§ HOW TO COMPLETE THIS TASK: Would you please repeat, word for word, only the lines from the one holding "istock Smiling friends" through the one holding "Dorset wedding photographer" in the material below, without the pictures?

§ MATERIAL FOR THIS EXERCISE:
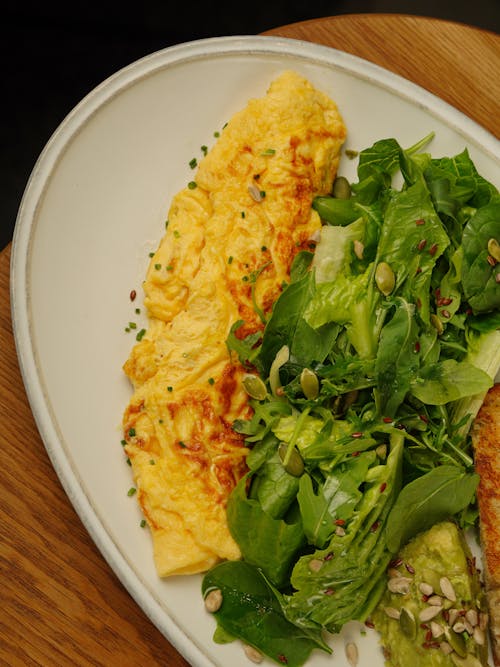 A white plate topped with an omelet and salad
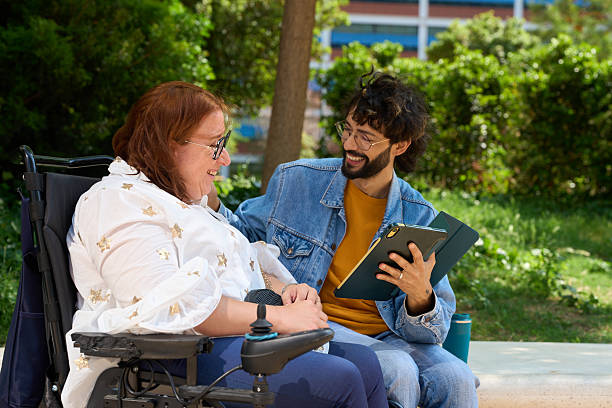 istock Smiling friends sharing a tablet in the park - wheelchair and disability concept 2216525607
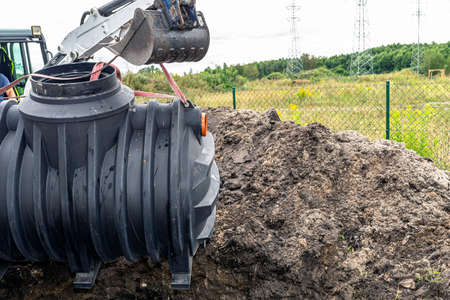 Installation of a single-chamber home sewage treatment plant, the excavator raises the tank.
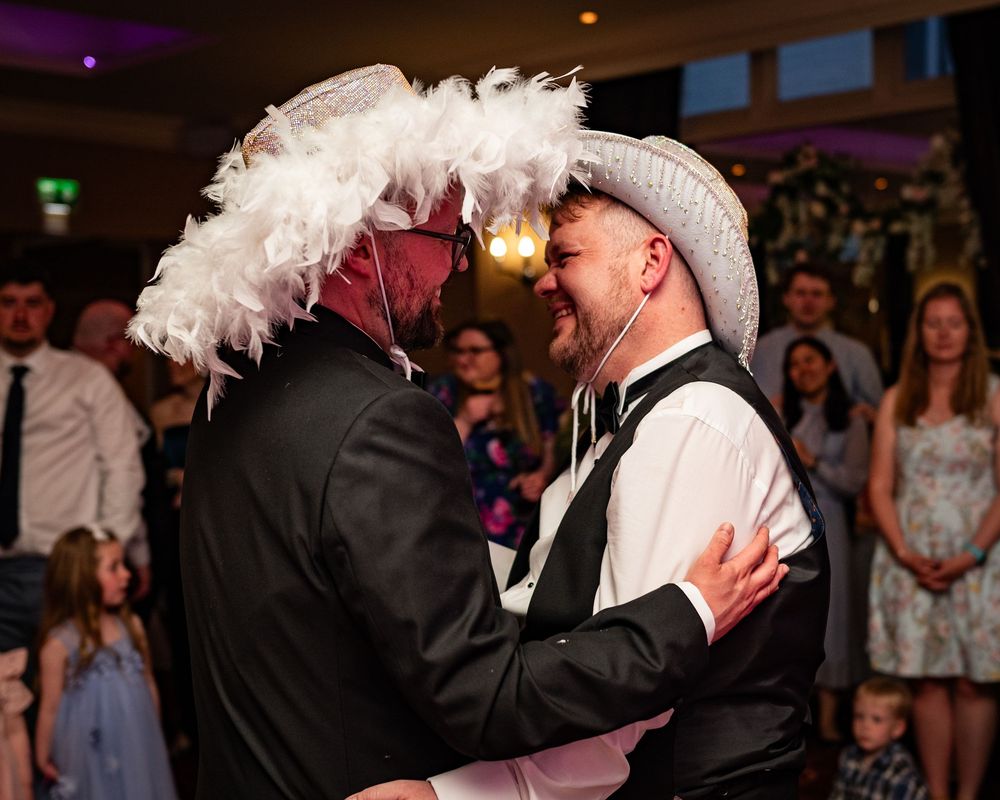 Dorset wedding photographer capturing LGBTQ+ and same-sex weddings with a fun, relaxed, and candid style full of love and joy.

---

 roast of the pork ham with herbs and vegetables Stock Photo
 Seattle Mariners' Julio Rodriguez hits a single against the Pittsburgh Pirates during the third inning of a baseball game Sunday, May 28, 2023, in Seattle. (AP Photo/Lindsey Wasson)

...

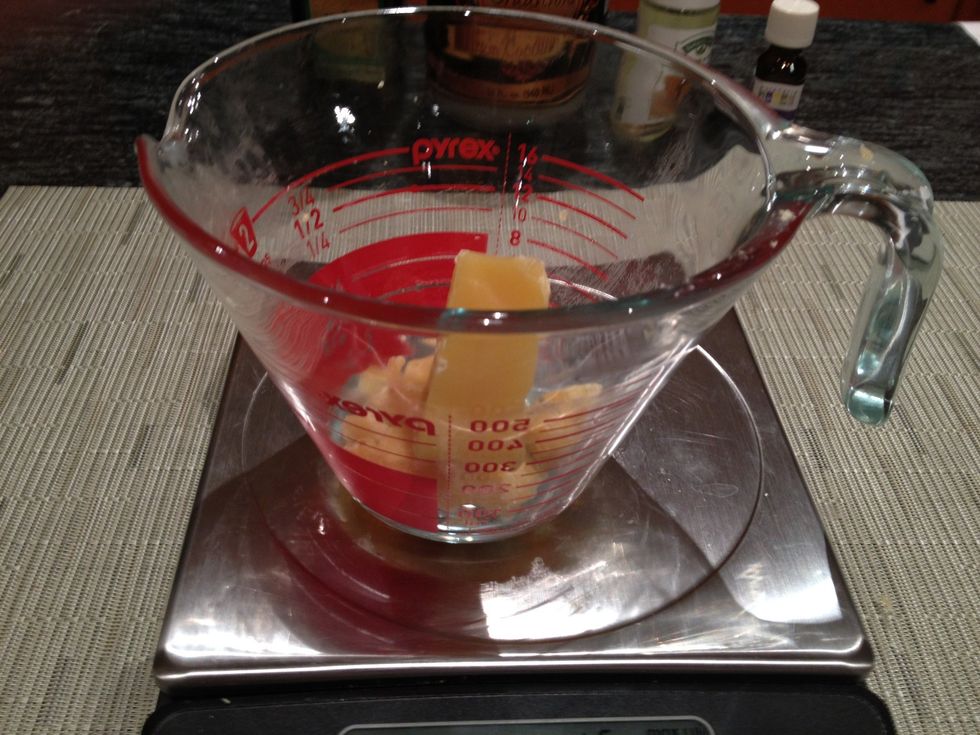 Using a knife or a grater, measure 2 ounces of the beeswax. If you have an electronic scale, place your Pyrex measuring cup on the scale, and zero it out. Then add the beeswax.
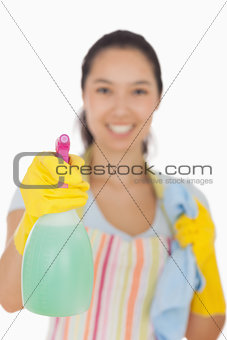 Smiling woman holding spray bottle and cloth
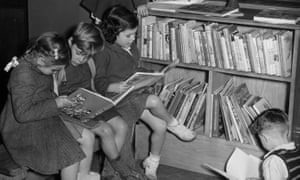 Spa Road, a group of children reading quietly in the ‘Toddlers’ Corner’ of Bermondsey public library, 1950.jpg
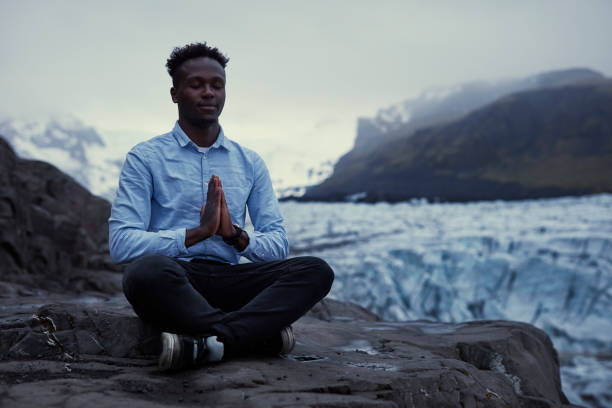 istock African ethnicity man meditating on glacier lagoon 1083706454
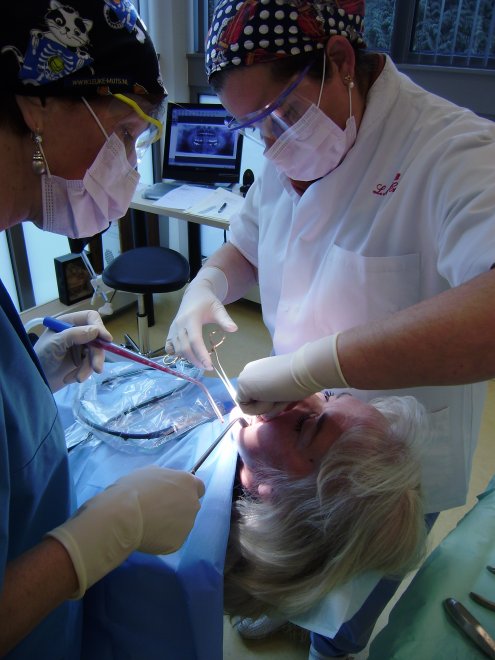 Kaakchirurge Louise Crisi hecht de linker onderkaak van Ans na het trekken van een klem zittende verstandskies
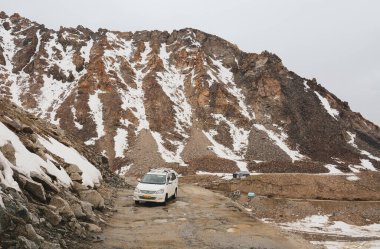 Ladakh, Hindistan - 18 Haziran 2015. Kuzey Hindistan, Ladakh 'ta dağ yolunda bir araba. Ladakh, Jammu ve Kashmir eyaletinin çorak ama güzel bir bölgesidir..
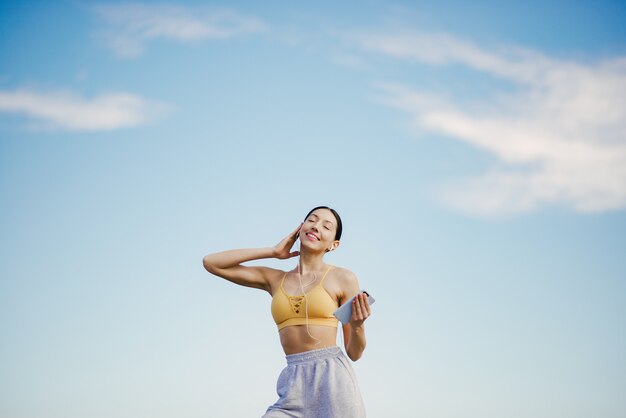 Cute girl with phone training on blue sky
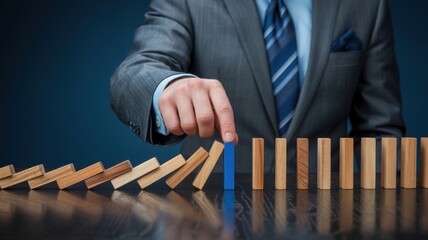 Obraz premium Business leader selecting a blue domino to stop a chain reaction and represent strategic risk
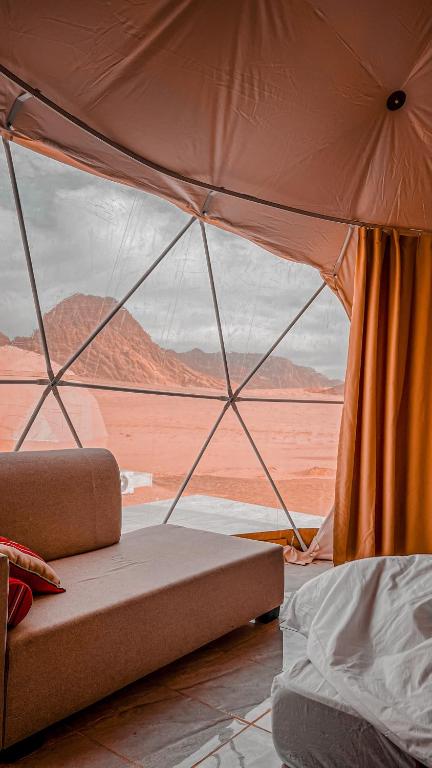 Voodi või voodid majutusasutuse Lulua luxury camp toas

§ SOLUTION FOR THIS EXERCISE:
 istock Smiling friends sharing a tablet in the park - wheelchair and disability concept 2216525607
 Installation of a single-chamber home sewage treatment plant, the excavator raises the tank.
 Dorset wedding photographer capturing LGBTQ+ and same-sex weddings with a fun, relaxed, and candid style full of love and joy.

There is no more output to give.